The European Union launched its flagship virtual exchange program in March 2018 in response to growing racism and intolerance in Europe. The program of multi-week online intercultural dialogues is open to all young people aged 18 to 30 in Europe and the Southern Mediterranean (Algeria, Egypt, Israel, Jordan, Lebanon, Libya, Morocco, Palestine, Syria and Tunisia [European Youth Portal, n.d.]). It is implemented by a consortium of organizations working in the virtual exchange field: Search for Common Ground, Anna Lindh Foundation, Sharing Perspectives Foundation, Soliya, UNICollaboration, Migration Matters, the association of Mediterranean universities, UNIMED, and Kiron Open Higher Education, which offers free online learning opportunities for refugees and other underserved communities.

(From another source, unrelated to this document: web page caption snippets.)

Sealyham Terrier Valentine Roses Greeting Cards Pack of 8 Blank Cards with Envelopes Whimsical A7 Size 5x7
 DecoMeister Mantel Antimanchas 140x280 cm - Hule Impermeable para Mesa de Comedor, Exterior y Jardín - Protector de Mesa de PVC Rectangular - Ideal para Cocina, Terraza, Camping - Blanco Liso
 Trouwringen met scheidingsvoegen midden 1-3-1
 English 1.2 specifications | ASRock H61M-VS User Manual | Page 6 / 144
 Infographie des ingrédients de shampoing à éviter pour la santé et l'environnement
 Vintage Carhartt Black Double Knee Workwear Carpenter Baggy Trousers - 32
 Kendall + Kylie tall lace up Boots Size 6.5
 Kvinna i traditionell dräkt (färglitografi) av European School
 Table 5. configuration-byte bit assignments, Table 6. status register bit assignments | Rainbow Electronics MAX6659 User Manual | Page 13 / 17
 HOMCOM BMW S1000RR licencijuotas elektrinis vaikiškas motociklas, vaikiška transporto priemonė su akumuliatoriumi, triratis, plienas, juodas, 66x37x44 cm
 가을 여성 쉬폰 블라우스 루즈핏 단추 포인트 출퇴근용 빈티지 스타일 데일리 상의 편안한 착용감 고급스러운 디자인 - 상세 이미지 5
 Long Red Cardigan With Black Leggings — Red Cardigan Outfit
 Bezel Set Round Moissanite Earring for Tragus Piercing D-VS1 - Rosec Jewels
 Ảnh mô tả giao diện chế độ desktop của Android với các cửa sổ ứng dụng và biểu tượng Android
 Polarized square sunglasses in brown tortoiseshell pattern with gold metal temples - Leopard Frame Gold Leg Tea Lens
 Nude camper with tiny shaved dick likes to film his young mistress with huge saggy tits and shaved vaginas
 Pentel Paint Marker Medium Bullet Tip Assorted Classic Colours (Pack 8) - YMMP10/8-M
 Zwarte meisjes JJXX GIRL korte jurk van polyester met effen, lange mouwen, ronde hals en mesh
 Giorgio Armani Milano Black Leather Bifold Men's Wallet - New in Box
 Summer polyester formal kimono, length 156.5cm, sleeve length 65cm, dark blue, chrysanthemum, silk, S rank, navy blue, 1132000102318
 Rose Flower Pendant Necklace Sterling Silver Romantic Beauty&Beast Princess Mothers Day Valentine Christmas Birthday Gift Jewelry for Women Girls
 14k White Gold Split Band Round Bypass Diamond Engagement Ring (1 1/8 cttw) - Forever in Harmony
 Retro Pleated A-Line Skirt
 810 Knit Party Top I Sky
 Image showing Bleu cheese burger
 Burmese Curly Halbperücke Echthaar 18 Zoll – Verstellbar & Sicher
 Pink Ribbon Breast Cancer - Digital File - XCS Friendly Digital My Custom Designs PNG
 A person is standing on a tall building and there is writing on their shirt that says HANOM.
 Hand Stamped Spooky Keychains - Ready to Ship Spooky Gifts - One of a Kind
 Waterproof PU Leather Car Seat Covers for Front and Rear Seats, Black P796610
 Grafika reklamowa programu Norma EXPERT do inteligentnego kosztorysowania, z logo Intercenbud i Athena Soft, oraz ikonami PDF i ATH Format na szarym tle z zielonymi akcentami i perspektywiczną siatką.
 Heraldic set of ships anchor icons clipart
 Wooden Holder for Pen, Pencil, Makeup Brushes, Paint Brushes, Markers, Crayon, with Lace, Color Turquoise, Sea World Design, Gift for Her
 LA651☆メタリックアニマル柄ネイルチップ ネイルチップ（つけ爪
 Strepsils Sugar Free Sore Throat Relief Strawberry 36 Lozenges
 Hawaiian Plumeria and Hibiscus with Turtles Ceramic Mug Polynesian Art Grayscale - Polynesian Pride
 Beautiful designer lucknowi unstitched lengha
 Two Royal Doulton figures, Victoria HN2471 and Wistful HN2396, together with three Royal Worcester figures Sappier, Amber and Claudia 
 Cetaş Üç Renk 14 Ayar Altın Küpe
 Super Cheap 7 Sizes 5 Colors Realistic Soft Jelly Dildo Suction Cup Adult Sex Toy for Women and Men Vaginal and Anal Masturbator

Learn more on the Examples page and the European youth portal
INTERNATIONAL VIRTUAL EXCHANGE CONFERENCE
2019

UNICollaboration has joined forces with the SUNY COIL Center and several other U.S. universities to create a new international gathering, to be held in even-numbered years in Europe and odd-numbered years in the United States. The first International Virtual Exchange Conference took place in October 2019 at the University of Washington in Tacoma, WA. The second is to be hosted by Newcastle University in the UK in September 2020.